Honda reinvigorates Civic name with stunning new model
Yes, yes yes, oh YES: fabulous quality, fully loaded with tech, honda is back
Oh dear me no: rear seaters can’t get feet under front seats, no inner grab handle to close boot
Wow, what a peach.
Honda pulled out all the stops to present their new Civic to the press pack in exactly the right light. The usual suspects gathered to talk cars in the gracious border town of Albury. The place is choc-full of stately homes, tumbled down barns, and beautiful sweeping roads through postcard-pretty countryside.
The drive was punctuated by presentations. One such presentation saw a Civic hoisted above our heads to showcase the uber-slippery undercarriage.

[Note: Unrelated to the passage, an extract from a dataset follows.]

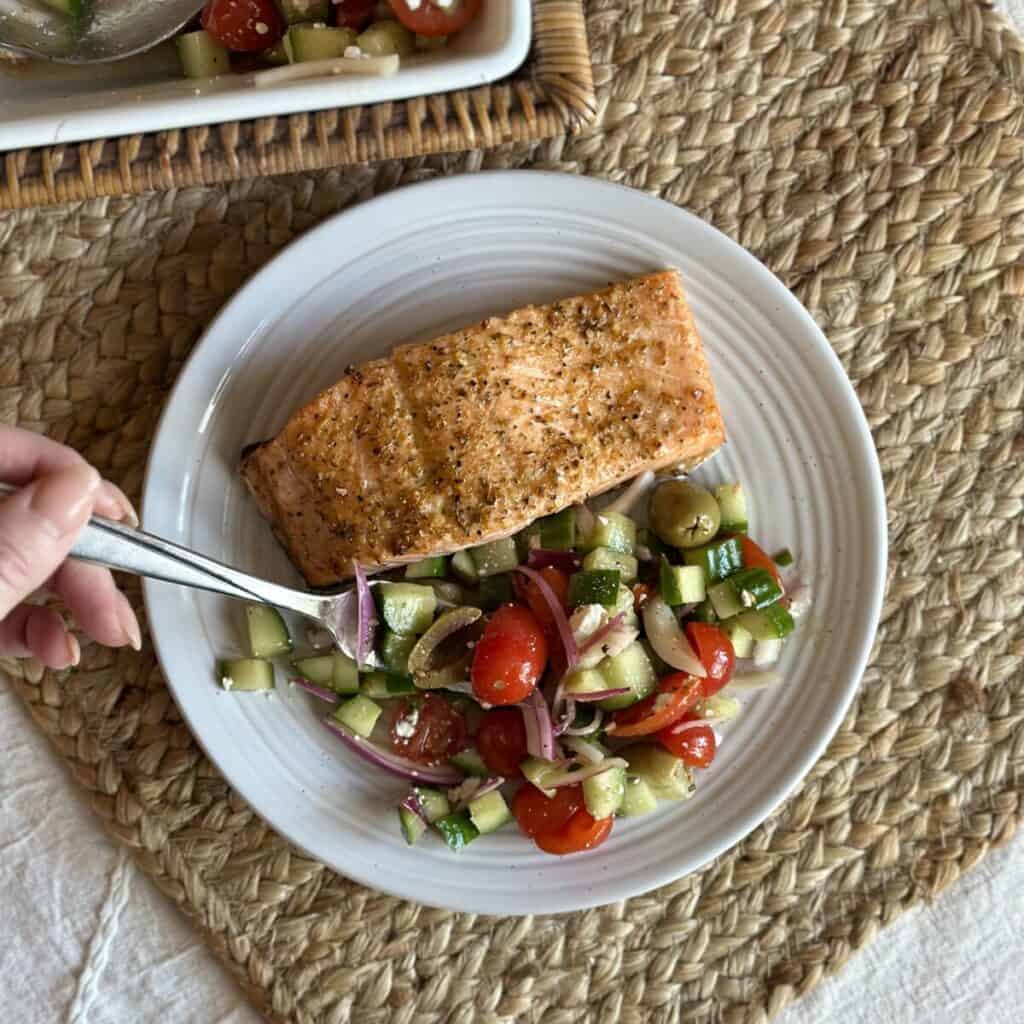 A plate of salmon and cucumber tomato salad.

Honda acknowledges the brand had fallen behind the market in tech and quality. Civic is the latest and most advanced in the push to regain a consideration on a punter’s dance card.

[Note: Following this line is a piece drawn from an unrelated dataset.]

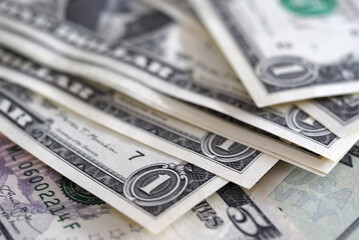 In this photoillustration background of various dollar bills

Designed to be slippery and quiet. The sweeps, lines, and bumps are all there for a reason. The front side windows have thicker glass to quieten the turbulence off the side mirrors and the grille is carved to aid flow. The very soft windscreen wipers are shaped to aid airflow at high speed and can be parked upright to help when new blades are required. The top models in the 5 level line-up score a cool LED headlight and all have DTRLs (day time running lights) along with a full LED “Light Pipe” rear end (whatever that means).

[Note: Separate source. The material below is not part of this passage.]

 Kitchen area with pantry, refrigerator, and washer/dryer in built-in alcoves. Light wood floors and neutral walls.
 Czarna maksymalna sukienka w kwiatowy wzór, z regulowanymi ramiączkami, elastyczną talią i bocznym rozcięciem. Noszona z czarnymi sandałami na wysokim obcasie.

The side profile has gone all hatch-meets-fastback, yet is a sedan with a generous boot. The hatch and sedan Civics will share a common look and will now be made in the same place. The previous models were essentially two different cars, made in two different places, designed by two different parts of the company.
The swish-looking Thai factory that is so new that it still has the plastic wrapping on the office chairs and the price tags on the coffee machines. You could eat your dinner off the floors.
Civics’ underside has covers, flaps, and hefty sound shields designed to make the cabin quitter. The bonnet and lower door edges have extra rubber seals to lower wind noise. The wheel arches and rubbers tabs underneath direct airflow around the tyres which present as square blocks in a wind tunnel. Who knew? It means the joints, undercarriage, seals, and glass all work together just as they were designed to. The shopper will notice none of this, but once on the road will remark, “it’s nice and quiet”, and that it exactly as it should be.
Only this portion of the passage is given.